Aim of the exercise> Below are lines of data; restate word for word those running from the line containing "Immigrants from France" to the line containing "Checklist infographic showing", inclusive, and no others.

Short descriptive text snippets
*** Begin section ***

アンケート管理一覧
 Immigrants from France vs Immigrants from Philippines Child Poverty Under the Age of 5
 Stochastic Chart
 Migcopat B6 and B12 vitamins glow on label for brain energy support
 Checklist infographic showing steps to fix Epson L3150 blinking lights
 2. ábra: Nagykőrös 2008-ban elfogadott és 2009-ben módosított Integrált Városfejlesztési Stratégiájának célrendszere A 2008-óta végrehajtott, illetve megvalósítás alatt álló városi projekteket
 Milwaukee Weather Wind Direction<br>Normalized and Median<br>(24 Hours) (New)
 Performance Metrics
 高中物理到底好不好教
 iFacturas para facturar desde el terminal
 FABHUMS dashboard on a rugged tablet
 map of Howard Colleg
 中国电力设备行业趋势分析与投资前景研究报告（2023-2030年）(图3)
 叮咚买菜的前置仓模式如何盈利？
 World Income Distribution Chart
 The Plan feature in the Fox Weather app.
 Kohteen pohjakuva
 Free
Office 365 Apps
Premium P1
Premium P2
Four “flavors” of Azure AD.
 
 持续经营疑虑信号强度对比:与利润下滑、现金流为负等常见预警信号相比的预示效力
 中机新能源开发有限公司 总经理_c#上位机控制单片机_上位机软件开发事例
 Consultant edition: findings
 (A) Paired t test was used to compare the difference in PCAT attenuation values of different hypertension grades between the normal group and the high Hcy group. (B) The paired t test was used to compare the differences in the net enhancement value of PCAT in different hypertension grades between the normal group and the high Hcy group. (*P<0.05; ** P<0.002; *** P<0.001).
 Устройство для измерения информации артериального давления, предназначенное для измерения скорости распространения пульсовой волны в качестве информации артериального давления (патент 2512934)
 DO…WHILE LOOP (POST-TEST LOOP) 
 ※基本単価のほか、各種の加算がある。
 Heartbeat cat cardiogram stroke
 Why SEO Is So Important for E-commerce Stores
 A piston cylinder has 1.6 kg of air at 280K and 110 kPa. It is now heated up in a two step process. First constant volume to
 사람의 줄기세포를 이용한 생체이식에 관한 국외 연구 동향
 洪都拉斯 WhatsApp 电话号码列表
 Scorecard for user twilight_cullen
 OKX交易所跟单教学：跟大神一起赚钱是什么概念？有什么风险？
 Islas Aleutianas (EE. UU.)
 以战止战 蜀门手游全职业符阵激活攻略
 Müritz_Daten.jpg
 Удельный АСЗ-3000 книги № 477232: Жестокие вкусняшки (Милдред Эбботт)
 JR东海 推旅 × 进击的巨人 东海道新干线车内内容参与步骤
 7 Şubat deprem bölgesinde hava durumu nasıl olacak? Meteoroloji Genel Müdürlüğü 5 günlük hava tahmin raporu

*** End section ***

Result of the exercise>
 Immigrants from France vs Immigrants from Philippines Child Poverty Under the Age of 5
 Stochastic Chart
 Migcopat B6 and B12 vitamins glow on label for brain energy support
 Checklist infographic showing steps to fix Epson L3150 blinking lights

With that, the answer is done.